In 927, a rebel army sacked Gyeongju, killing the king. The last king of Silla abdicated in 935 in favor of King Taejo, the founder of the Goryeo Dynasty. Under Goryeo, the city continued to prosper, but in the 13th century, an invading Mongol army sacked Gyeongju again, destroying many of its monuments. It was a disaster from which the city never quite recovered.
Gardens and tombs
Many of Gyeongju’s best known historic sites are located in the southern part of town. The most recognizable sites are the Silla mound tombs, or tumuli, of which there are over 200 strewn about town. Daereungwon (Tumuli Park) has about 23 tombs, including the famed Cheonmachong (“Horse of Heaven Tomb”), the tomb of an unknown 5th century Silla king.
Near the park is Cheomseongdae, Asia’s oldest surviving astrological observatory, and the ruins of Banwolseong Palace, a lovely spot in spring when the surrounding fields of canola flowers bloom. Just beyond that is the site of the East Palace and Wolji Pond, an ancient royal pleasure garden. When lit up in the early evening, the pond becomes one of Korea’s most photogenic night scenes. Just across from the East Palace is Gyeongju National Museum, arguably Korea’s finest museum outside of Seoul.
Bulguksa and Seokguram Grotto
The gems of Silla civilization are nestled on Mt. Tohamsan, a sacred peak overlooking the East Sea. Here you’ll find Bulguksa Temple, an awe-inspiring eighthcentury Buddhist monastery, and the Seokguram Grotto, a rotunda housing one of the most beautiful Buddhist statues in East Asia.
Founded in 774, Bulguksa is a masterpiece of Korean traditional architecture that makes sublime use of the surrounding landscape through a series of stone and earth terraces. It is home to six National Treasures, most notably the two giant stone pagodas in the courtyard. Built around the same time as the temple, the Seokguram Grotto occupies an artificial cave overlooking the East Sea.
Under a stone dome sits a 3.5 meter-high stone Buddha wearing a sublime smile. The sunrises from this location are some of the most beautiful in the land. It is said the Buddha overlooks the watery grave of King Munmu of Silla (r. 661–681), who was buried in a tomb under the waves of the East Sea.
Mt. Namsan & Bomun Lake
A bit off the beaten path is Mt. Namsan (494 meters), a lowlying massif overlooking the town. In the days of Silla, the peak was covered with temples, hermitages and works of Buddhist art.

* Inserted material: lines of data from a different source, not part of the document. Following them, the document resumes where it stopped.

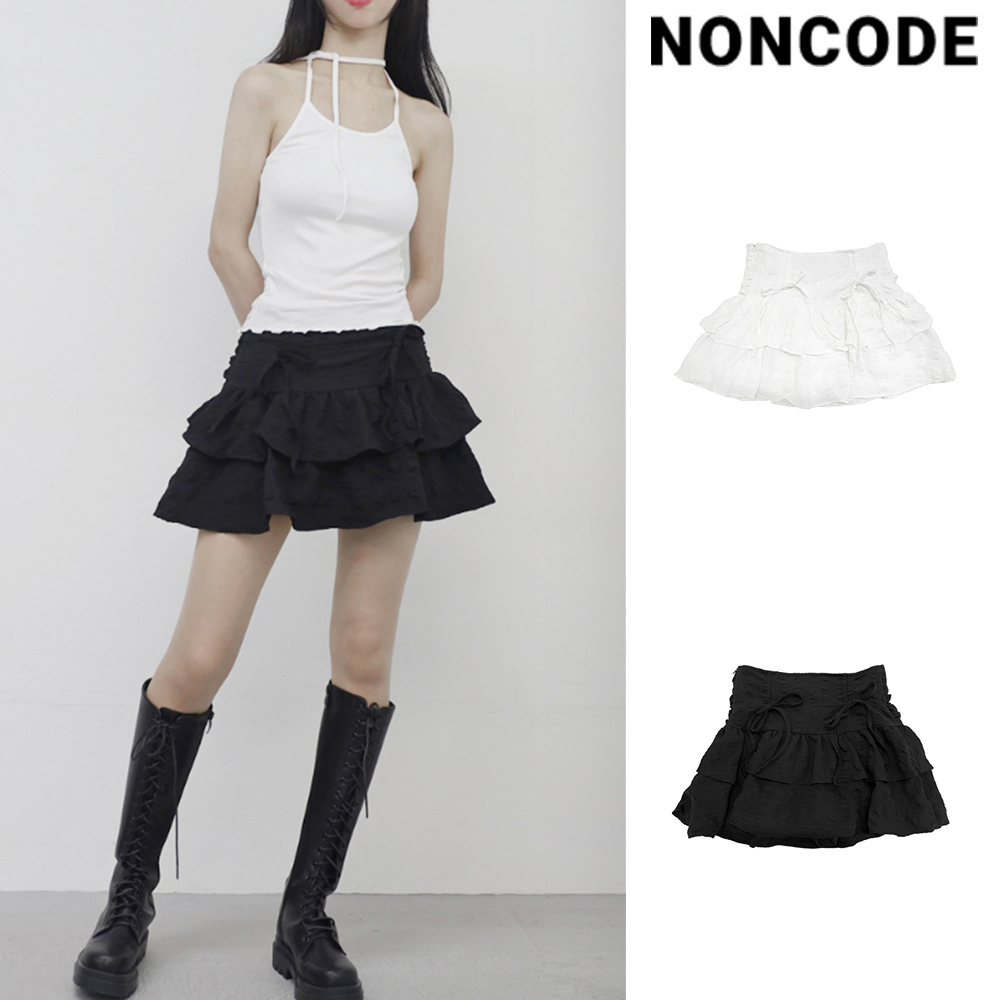 【NONCODE】Devin Tiered Ribbon Skirt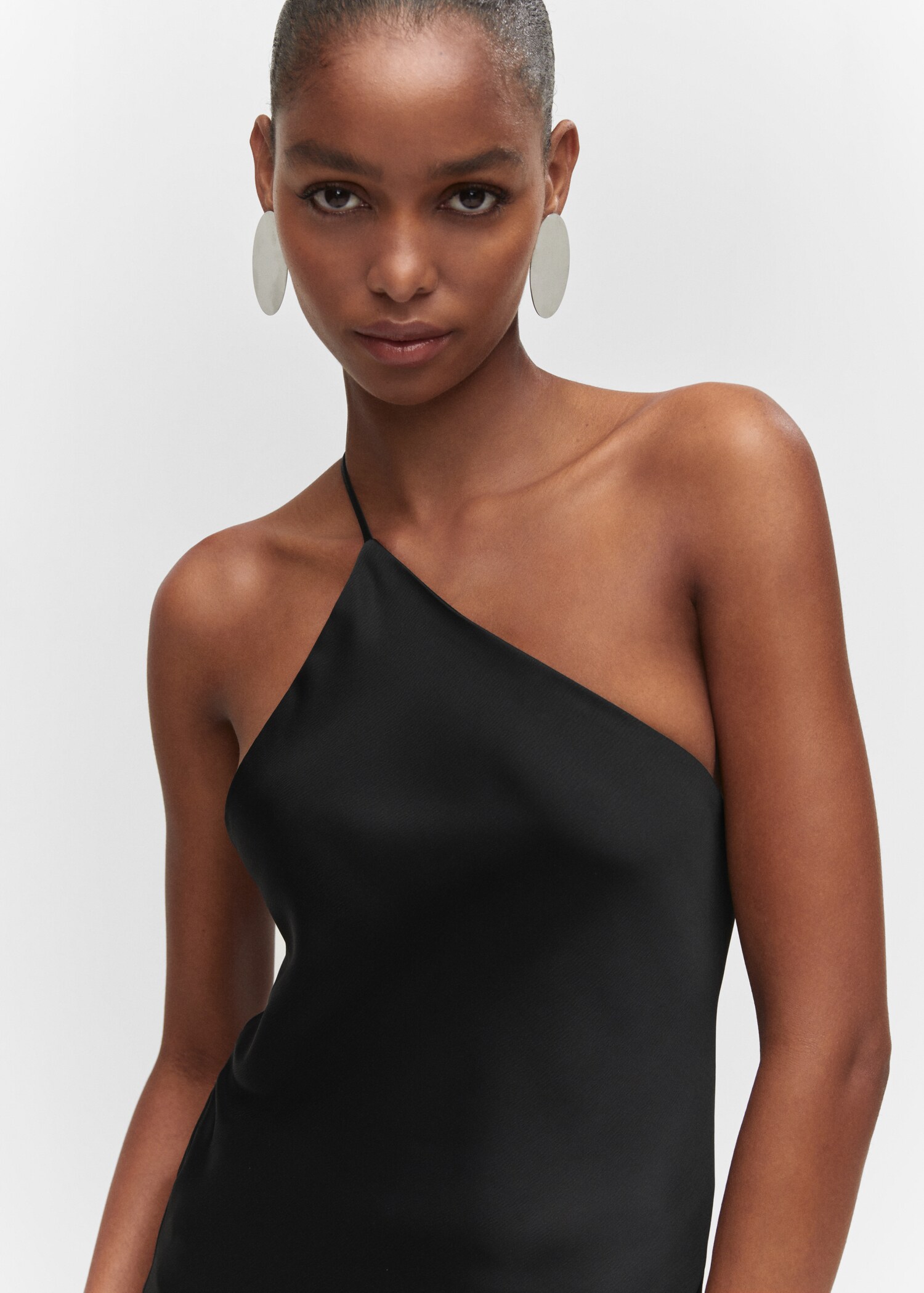 Robe satinée dos nu - Détail de l'article 1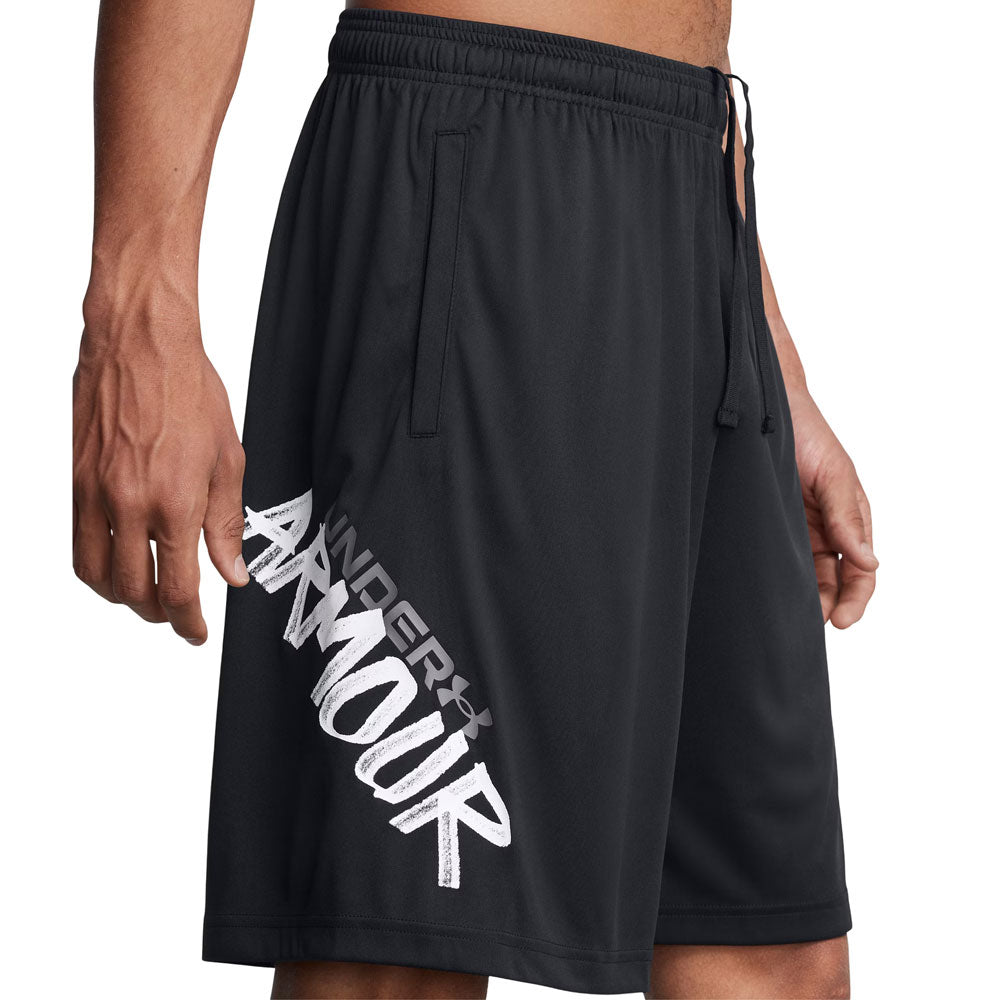 Short Largo Under Armour para Hombre UA Tech Wdmk Shorts Negro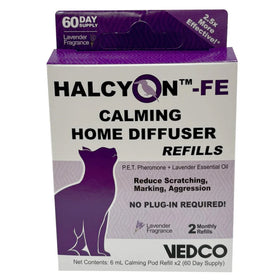 Halcyon FE Calming Home Diffuser for Cats Refill (2 pack)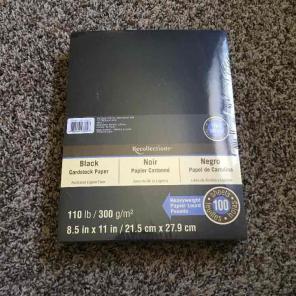 Recollections Black Cardstock Paper 100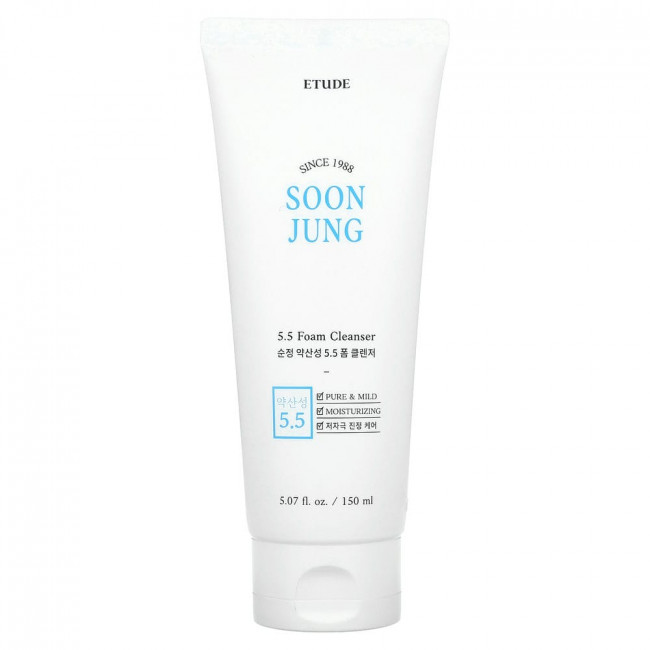 Etude, Soon Jung, очищающая пенка 5,5, 150 мл (5,07 жидк. Унции) (Товар снят с продажи)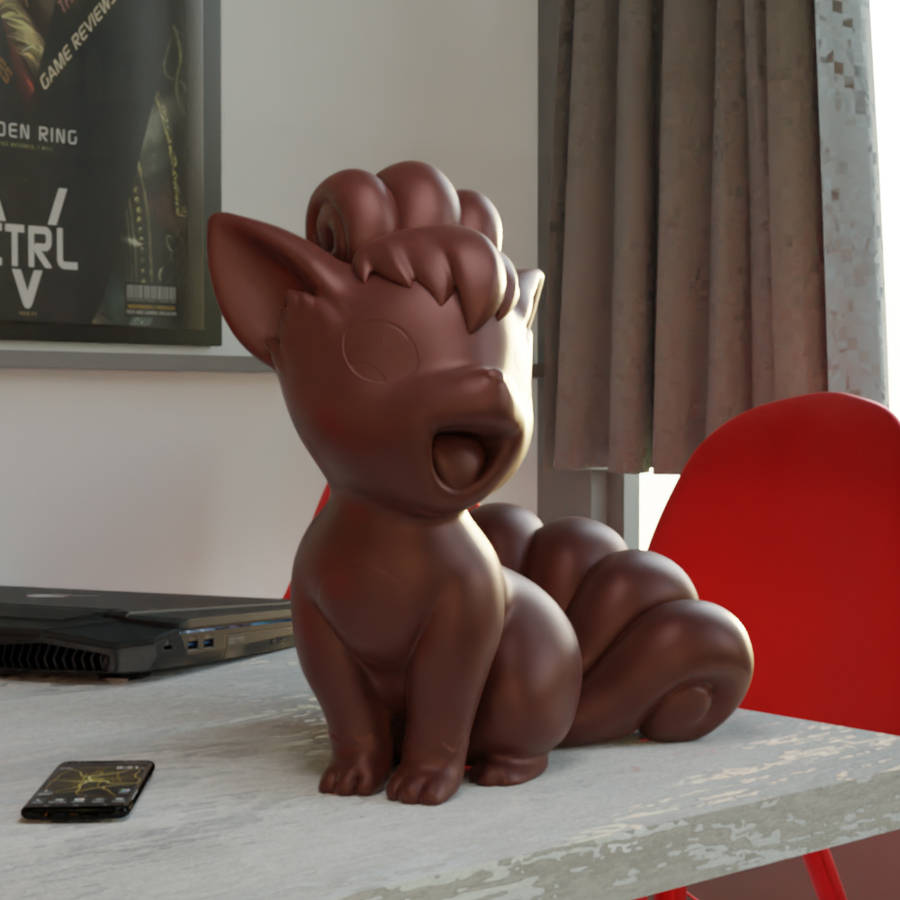 ** HUGE LIFE SIZE ** Vulpix Pokémon Figure 30cm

Even today, the slopes are dotted with ancient pagodas, Buddhist statuaries and dramatic cliff carvings. The pine forests on the lower slopes are some of Korea’s most famous.
A more modern destination is the scenic Bomun Lake area, a popular recreation area east of town. It is most famous for its cherry blossoms in early April. The lake is also home to most of Gyeongju’s upscale hotels.